Apesar da imagem ruim frente à entidade pela falta de informação correta e por não conseguir barrar o crescimento na quantidade de atum retirado das águas brasileiras, pesa a favor do Brasil o fato de o país ter uma frota de característica artesanal, enquanto os países europeus e asiáticos trabalham com grandes embarcações. “Quando isso é confrontado com outros Objetivos de Desenvolvimento Sustentável da Organização das Nações Unidas (ONU), por exemplo, isso nos favorece”, explica.

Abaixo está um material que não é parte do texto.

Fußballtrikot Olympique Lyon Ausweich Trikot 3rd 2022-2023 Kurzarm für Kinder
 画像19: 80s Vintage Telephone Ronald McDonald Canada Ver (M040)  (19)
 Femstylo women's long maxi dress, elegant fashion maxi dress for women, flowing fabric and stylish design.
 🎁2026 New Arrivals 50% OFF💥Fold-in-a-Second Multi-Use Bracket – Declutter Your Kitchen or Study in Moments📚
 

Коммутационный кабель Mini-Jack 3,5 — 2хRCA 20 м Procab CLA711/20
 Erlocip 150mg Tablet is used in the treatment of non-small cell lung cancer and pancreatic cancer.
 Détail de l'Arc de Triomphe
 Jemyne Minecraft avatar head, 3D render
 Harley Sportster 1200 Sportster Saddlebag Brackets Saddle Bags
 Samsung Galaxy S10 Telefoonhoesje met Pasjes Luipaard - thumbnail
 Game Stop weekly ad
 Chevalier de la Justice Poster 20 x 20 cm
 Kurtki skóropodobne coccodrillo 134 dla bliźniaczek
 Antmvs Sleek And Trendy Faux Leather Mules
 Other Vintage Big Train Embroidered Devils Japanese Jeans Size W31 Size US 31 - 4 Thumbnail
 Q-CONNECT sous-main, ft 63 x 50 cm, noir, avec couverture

Como forma de compensar a redução na quantidade da pesca do atum nas águas nacionais, o especialista diz que o Brasil poderá investir em meios de evitar o desperdício e de agregar valor ao produto. Ele cita como exemplo uma melhor capacitação do pescador. “Hoje, 10% da produção é vendida como subproduto, porque o peixe chega bem estragado. Isso porque o pescador faz uma viagem de 30 dias em vez de 20. Ele quer trazer o barco cheio de peixe, e aqueles peixes que ficam na parte de baixo ficam como patê, espremido pelos outros”, comenta.
“Nem sempre a viagem mais longa é a melhor. Pode ser que numa viagem de 15 dias, ele traga um produto de melhor qualidade e venda por um preço muito melhor”.
Outro gargalo apontado pelo especialista está na má conservação do produto, que precisa ser fresco para ser mais valorado. Ele reconhece que, no Ceará, o Governo Estadual e as indústrias têm feito um esforço para treinar os pescadores. Mas, segundo ele, a mão de obra local é muito volátil, flutua conforme a demanda. “Se alguém oferecer mais para cortar coco, ele deixa de ir pescar para cortar coco”, comenta.
Mesmo assim, o Ceará ocupa hoje o primeiro lugar no Brasil na exportação de atum em conserva. Para se ter uma ideia do potencial que representa o setor, uma fábrica de atum instalada desde 2014, na localidade de Siupé, em São Gonçalo do Amarante, representa a segurança econômica para mil pescadores.